Plaintiffs’ vague allegation that
[u]pon information and belief, employees and/or agents of CSX knew that Mr. Menard had been injured by the rail switch and had sufficient time to take action to prevent further injury to him

is insufficient. (Id. ¶ 19.) Plaintiffs do not allege that Mr. Menard saw any employees in the vicinity of the railroad switch when he was injured, that he called to anyone for help, or that any specific person saw Mr. Menard’s peril. Furthermore, Plaintiffs still fail to allege what “highly dangerous rail operations” Defendant persisted in after Mr. Menard’s first injury. As in the original Complaint, there is nothing in the proposed amended Complaint to suggest that Defendant was engaging in anything other than ordinary rail operations. Finally, nothing in the Complaint supports Plaintiffs’ allegation that Defendant had time to stop its ordinary rail operations to prevent further injury, even if the law required it to do so. The Complaint does not even allege how much time passed between Mr. Menard’s first and second injuries. Thus, the proposed amended Complaint fails to state a claim for negligence.

3. Loss of Consortium.

The proposed amended Complaint does allege that Mr. Menard was financially dependent upon his mother for support (id. ¶ 52.), as is required under Massachusetts law for a claim of loss of consortium by the parent of an adult child. Mass. Gen. Laws. ch. 231, § 85X. However, because the proposed amended Complaint fails to state any underlying claims for liability, the loss of consortium claim fails as a matter of law.

*429The proposed amended Complaint also fails to state claims for intentional or negligent infliction of emotional distress for the same reasons as the original Complaint.

IV. CONCLUSION

There is no question that this was an appalling accident, and Plaintiff suffered heartbreaking injuries. It would, however, be false compassion to permit this case to proceed through the distress and disruption of the litigation process when the facts as alleged simply are insufficient to support a verdict in favor of Plaintiff.

For the foregoing reasons, Defendant’s Motion to Dismiss (Dkt.

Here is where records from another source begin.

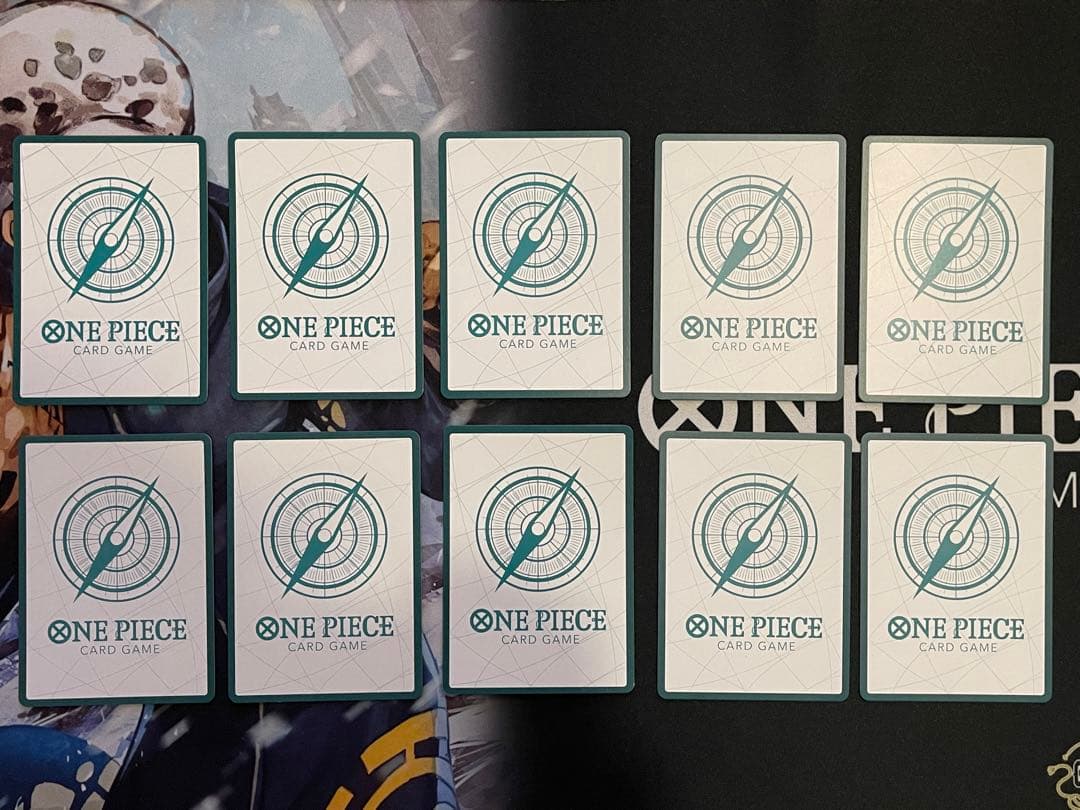 ワンピース カードゲーム バギー 金ドン 10枚 THE BEST 2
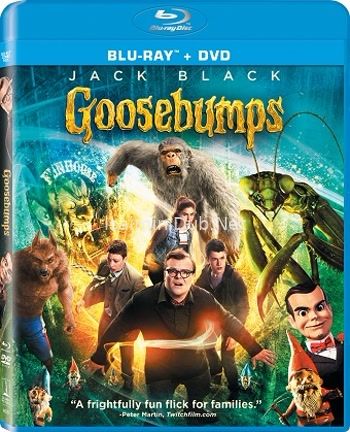 Goosebumps (2015) Movie Poster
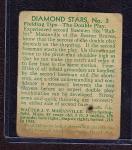 1934 Diamond Stars Rabbit Maranville Boston Braves Card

No. 11) is hereby ALLOWED. Plaintiffs’ Motion to Amend the Complaint (Dkt. No. 19) is hereby DENIED as futile. The clerk will enter judgment for Defendant. This case may now be closed.

It is So Ordered.

. As will be seen, the proposed amended Complaint does not assist Plaintiff on this issue. It adds the facts that Plaintiff actually managed to free himself from the switch that initially injured him and travel some distance before falling under the train and suffering further injuries. These additional allegations suggest that, in some sense, Plaintiff was not trapped.